Behind many of Chicago’s most famous male chefs over the decades have been wives who manage the business or run the front of the house out of the spotlight: Louis Szathmary’s wife Sadako Tanino at The Bakery, Doris Banchet at Le Francais with her husband Jean Banchet, Deann Bayless in Rick Bayless’s numerous restaurants and enterprises. Starting around the 1990s, a generation of women including Carrie Nahabedian, Sarah Stegner, Suzy Crofton, and Gale Gand won recognition as chefs and owners. They have been followed by even more chef/owners such as Beverly Kim (who got her first job from Stegner), Diana Dávila, Stephanie Izard, Tigist Reda, and Sarah Grueneberg, all of whom help define Chicago’s restaurant scene today. But the disparity persists. 

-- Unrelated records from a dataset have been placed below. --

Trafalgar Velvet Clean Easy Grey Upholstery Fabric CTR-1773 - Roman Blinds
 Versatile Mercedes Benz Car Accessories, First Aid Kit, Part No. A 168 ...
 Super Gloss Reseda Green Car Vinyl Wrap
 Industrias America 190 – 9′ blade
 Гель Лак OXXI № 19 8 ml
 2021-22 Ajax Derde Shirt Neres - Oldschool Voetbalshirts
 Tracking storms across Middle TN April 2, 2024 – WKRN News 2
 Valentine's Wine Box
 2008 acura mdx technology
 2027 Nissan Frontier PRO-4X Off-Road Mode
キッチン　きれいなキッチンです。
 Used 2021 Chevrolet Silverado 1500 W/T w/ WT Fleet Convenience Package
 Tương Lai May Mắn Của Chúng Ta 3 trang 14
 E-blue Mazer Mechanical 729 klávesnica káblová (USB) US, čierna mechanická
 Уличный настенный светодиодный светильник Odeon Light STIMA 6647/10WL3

During Women’s History Month, WTTW Food is looking back at some of the earlier women who found success and influence in Chicago food despite all the attendant barriers. Carol Mighton Haddix shared input; she’s a former food editor of the Chicago Tribune, former president of the women in food industry support group Les Dames d’Escoffier Chicago, and author of Chicago Cooks: 25 Years of Chicago Culinary History and Great Recipes from Les Dames d'Escoffier.

Antoinette Pope

Decades before Julia Child was teaching Americans to cook, the Italian-born Antoinette Pope was also bringing culinary knowledge acquired in France to Americans. She learned to cook from her French husband François’ parents before moving to Chicago and opening a cooking school with François in 1930. Despite the difficult decades of the Depression and World War II, the Antoinette Pope School of Fancy Cookery grew, taking over a large space on Michigan Avenue in 1942. 

The Popes published numerous cookbooks, most popularly 1948’s The Antoinette Pope School Cookbook. They then launched a TV show in 1951, with François as host with his sons. For context, the first volume of Julia Child’s Mastering the Art of French Cooking was published in 1961, and her show The French Chef debuted as a pilot in 1962. “Nobody mentions her. It’s always Julia [Child] that people talk about,” Haddix says.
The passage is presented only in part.